Todo o conhecimento que a Antroposofia traz pode ser benéfico ou motivo de maiores problemas nas nossas vidas. Como preservar a força da infância na criança em cada um de nós ? Para a criança tudo é desfrute e curtição. O adulto sério perdeu a capacidade de perceber a espiritualidade, o divino em todas as pequenas coisas.

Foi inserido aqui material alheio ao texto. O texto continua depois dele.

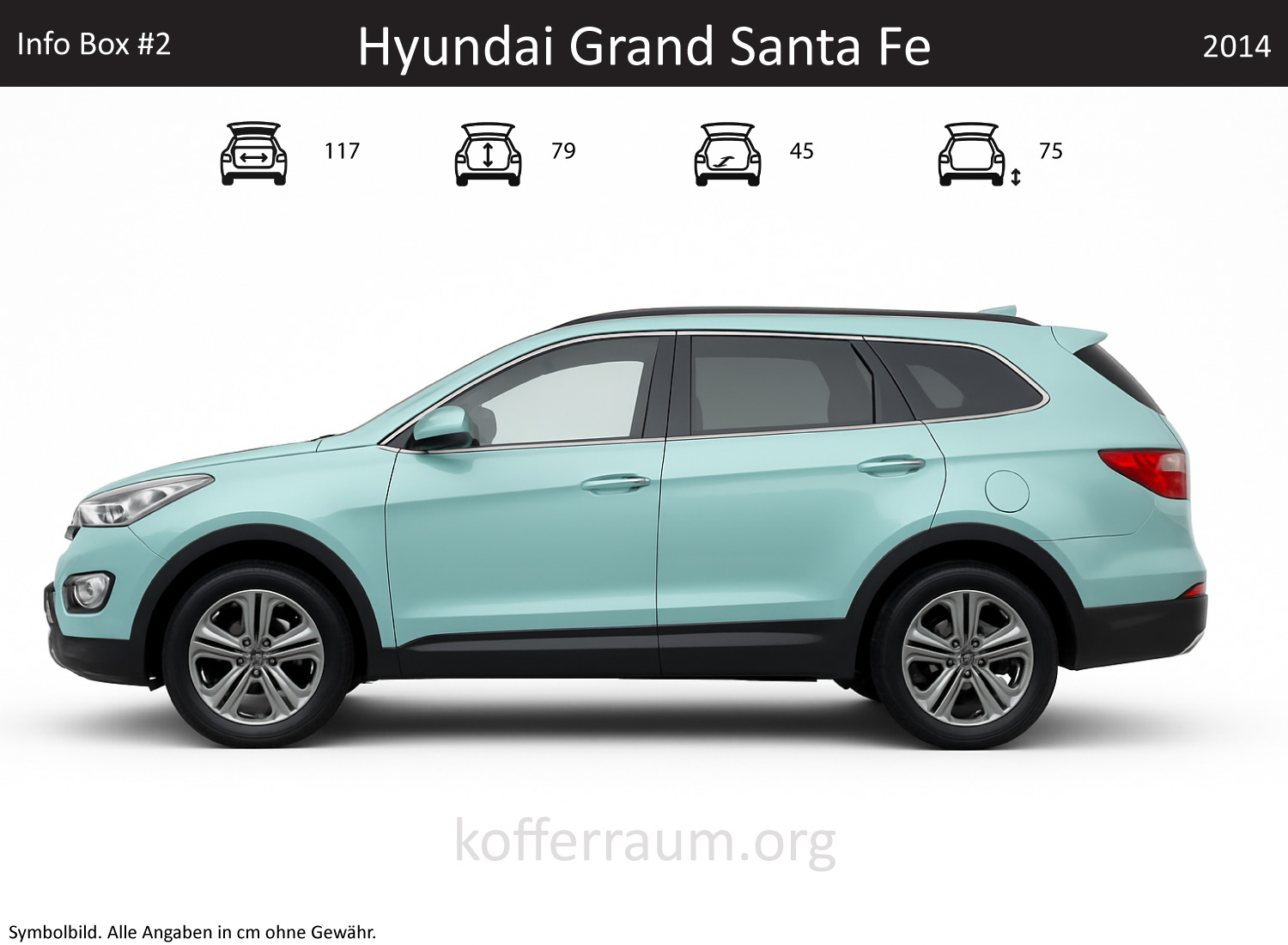 Hyundai Grand Santa Fe Kofferraum Maße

A espiritualidade, a gente busca para ser feliz, para nos libertar, e não para aumentar as nossas culpas. Existem duas correntes : 1) a corrente do desejo, que tem a ver com o corpo físico, o organismo onde tudo não depende da consciência, e o problema é a falta de saúde orgânica . 2) a corrente das representações, que vem no sentido inverso à do desejo ; aqui é a capacidade de fazer pensamentos objetivos que depende da atividade do homem e não do organismo.
Na criança o corpo está crescendo demais, então tudo é anabolismo e, portanto, a corrente do desejo é a que está presente e é muito forte ; por outro lado, a capacidade de representação é pequena. Assim o aprendizado na criança é corporal . Nós vivemos em uma cultura que não é amante do lúdico, que reprime toda a manifestação de prazer. A culpa é terrível, e se “nossa criança” não está bem, a culpa domina a gente. O pessimismo e o tédio também vão trazendo problemas a nível orgânico e espiritual.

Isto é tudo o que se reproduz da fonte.